The reading list starts here, it's a brief introduction to a _very_ broad
topic:

[http://www.reddit.com/r/dredmorbius/wiki/index#wiki_so_..._a...](http://www.reddit.com/r/dredmorbius/wiki/index#wiki_so_..._all_this_deep_stuff.2C_you_got_any_references.3F)

(And for anyone stumbling on this comment in the future -- I'm planning on
substantially reorganizing that Wiki page though it should link to the
appropriate sections).

The major issue with tapping solar power for high-grade electrical energy is
whether or not it's possible to do so in a manner that sustains the ability to
create that solar energy infrastructure _and_ support technological life.
EROEI, capital and maintenance requirements, and other resource limits all
come into play.

The last time humans had a sustainable-energy based economy was 1700. The
state of technology was markedly lower. If we return to that energy state, we
should continue to have the benefit of scientific understanding gained since
then (engineering, germ theory, metalurgy, sanitation, evolution, steam power,
thermodynamics, electricity, chemistry, relativity, quantum mechanics, atomic
physics, astronomy, electronics, pharmacology, aviation, rocketry), though how
much of it we'll have the techological stack to support is another question.

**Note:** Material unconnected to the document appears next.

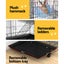 i.Pet Rabbit Cage 100cm Hutch 3 Level Indoor Guinea Pig Ferret Carousel 7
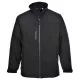 Softshell Kabát (3L)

Joseph Tainter, Charles Hall, Robert Ayres, Donna & Dennis Meadows, and
William Stanley Jevons would make for some interesting reading.

Oh, and you've only got 800 million - 1 billion years: solar flux and/or C4
synthesis will mean the end of life as we know it. Life on Earth is past
middle age. Even allowing for the lignin revolution and decomposer lag, that's
barely sufficient time to replenish fossil fuel stocks for a do-over should
humans fail.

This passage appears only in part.